Comptitive sport for children is still frowned upon

I have been known to argue that competitive sport has a limited party to play in tackling the problem of child obesity. But there is no doubt that it is great fun for the children who are good at it.

Ministers now make speeches in favour of competition, but it is clear that anti-competitive attitudes are still deeply rooted in many parts of the education system. Mike Selvey described his daughter's experience of the Milton Keynes Primary Schools Athletics Championships in today's Guardian:

At the close of her 800m race, Hannah was leading so far in front that the runner in second place had not yet rounded the crest of the bend and she was within 100m or so of lapping the back marker.

This race was a qualifier, one of two to decide the 800m finalists for the Milton Keynes Primary Schools Athletics Championships. At the start of the following week, her sports teacher rather sheepishly took Hannah to one side and told her that, unfortunately, she had not qualified for the final. Hannah was stunned, absolutely flattened. She had won her heat at a puffless canter.

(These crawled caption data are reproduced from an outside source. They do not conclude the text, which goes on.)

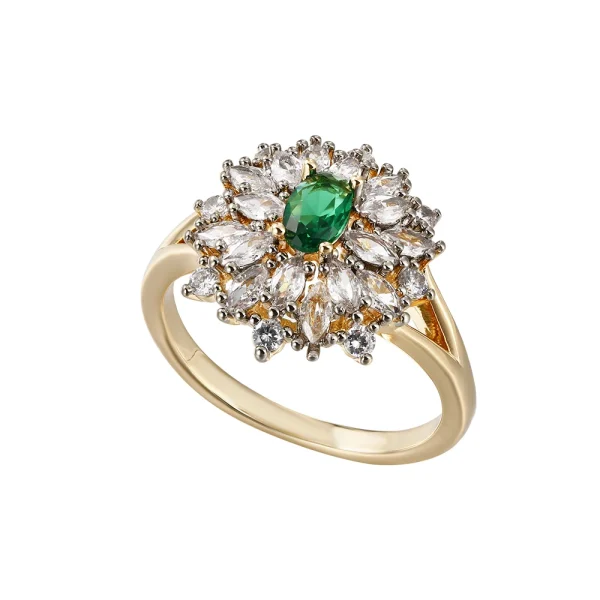Luxurious Shiny Inlaid Vermiculite Flower -Shaped Design Wedding Party Ring - Image 5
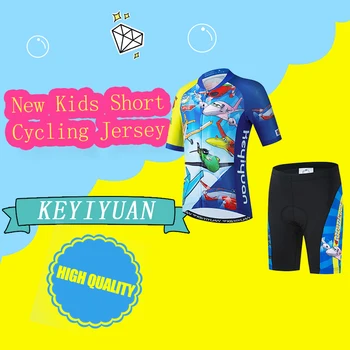 KEYIYUAN de Vară pentru Copii Ciclism Jersey Maneci Scurte Set de Biciclete Ciclism de Îmbrăcăminte pentru Copii MTB Haine Spumă Antișoc Gel Gâfâi Pad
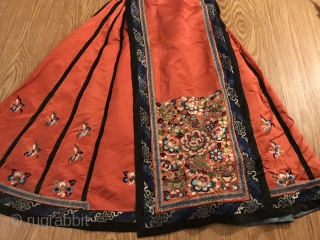 Chinese silk embroidered skirt.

This was not an isolated anomaly. Her friend won a very competitive 200m race, but she too failed to qualify, as did two of the four relay teams entered by the school, despite a clean sweep. Throwers conceded places to those who qualified behind them. Runners saw stragglers' names in the finals list.

1 comment:

Tristan said...

Ugh. That is ridiculous. Those who have talent should be encouraged. Those who don't shouldn't be pandered to (its a hard lesson we all have to learn).
When it comes to qualifying for an event how can you justify sending someone who is not as good?

There are times when you might not put the best forward for something. Say there's a place on a weekend course for a sport, you might not send the best at that sport, you would want to send the child who will benefit most from it - which may well be someone who'll benefit socially or in their confidence, or someone who's parents don't push them so much.